EXERCISE DIRECTIONS - Output the line containing "Croissant Hoop Earrings Gold - Image 2" exactly. Do the same for every line after it through the end of the material, and output nothing else.

DATASET -
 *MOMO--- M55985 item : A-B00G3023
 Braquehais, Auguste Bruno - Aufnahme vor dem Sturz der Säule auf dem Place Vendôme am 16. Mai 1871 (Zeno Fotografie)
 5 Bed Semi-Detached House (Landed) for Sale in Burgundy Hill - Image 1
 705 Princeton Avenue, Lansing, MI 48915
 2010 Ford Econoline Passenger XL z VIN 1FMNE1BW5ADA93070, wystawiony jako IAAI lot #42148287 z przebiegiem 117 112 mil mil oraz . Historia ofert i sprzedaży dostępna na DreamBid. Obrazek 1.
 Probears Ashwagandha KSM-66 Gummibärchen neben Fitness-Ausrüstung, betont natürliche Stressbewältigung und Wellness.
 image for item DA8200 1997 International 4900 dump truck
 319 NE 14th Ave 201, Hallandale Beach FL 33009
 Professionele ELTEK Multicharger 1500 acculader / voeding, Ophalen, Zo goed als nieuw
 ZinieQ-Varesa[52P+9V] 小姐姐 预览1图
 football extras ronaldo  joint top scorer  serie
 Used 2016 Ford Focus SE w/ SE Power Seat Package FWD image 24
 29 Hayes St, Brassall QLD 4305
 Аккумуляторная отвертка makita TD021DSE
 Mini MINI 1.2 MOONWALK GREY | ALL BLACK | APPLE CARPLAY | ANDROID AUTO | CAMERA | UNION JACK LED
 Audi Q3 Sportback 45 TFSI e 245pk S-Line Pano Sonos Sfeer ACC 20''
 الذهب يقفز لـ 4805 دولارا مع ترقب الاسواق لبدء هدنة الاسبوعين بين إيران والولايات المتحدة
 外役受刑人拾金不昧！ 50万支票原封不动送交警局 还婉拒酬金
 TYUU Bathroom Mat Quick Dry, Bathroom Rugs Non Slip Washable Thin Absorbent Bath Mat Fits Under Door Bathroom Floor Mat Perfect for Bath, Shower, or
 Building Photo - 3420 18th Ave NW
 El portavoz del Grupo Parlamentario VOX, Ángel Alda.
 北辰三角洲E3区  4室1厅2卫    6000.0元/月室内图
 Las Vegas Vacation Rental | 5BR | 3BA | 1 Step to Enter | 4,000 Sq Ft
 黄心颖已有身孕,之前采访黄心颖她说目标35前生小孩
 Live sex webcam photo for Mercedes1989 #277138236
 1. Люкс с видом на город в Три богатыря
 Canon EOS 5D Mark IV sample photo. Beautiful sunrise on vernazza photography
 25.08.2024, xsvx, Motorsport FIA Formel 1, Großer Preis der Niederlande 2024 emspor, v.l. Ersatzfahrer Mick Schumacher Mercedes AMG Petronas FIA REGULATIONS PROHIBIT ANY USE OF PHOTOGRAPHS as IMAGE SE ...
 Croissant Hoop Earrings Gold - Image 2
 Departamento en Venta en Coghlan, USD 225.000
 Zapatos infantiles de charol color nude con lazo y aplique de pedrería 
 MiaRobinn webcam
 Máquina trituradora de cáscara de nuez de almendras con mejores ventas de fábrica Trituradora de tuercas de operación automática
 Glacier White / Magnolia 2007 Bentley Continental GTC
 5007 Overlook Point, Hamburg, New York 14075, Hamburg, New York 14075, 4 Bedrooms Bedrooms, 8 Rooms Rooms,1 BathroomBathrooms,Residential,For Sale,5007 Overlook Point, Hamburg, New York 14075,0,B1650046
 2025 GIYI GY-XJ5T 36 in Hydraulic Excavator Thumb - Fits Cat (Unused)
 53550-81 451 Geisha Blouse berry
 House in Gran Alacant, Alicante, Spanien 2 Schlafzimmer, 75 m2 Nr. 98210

TASK ANSWER -
 Croissant Hoop Earrings Gold - Image 2
 Departamento en Venta en Coghlan, USD 225.000
 Zapatos infantiles de charol color nude con lazo y aplique de pedrería 
 MiaRobinn webcam
 Máquina trituradora de cáscara de nuez de almendras con mejores ventas de fábrica Trituradora de tuercas de operación automática
 Glacier White / Magnolia 2007 Bentley Continental GTC
 5007 Overlook Point, Hamburg, New York 14075, Hamburg, New York 14075, 4 Bedrooms Bedrooms, 8 Rooms Rooms,1 BathroomBathrooms,Residential,For Sale,5007 Overlook Point, Hamburg, New York 14075,0,B1650046
 2025 GIYI GY-XJ5T 36 in Hydraulic Excavator Thumb - Fits Cat (Unused)
 53550-81 451 Geisha Blouse berry
 House in Gran Alacant, Alicante, Spanien 2 Schlafzimmer, 75 m2 Nr. 98210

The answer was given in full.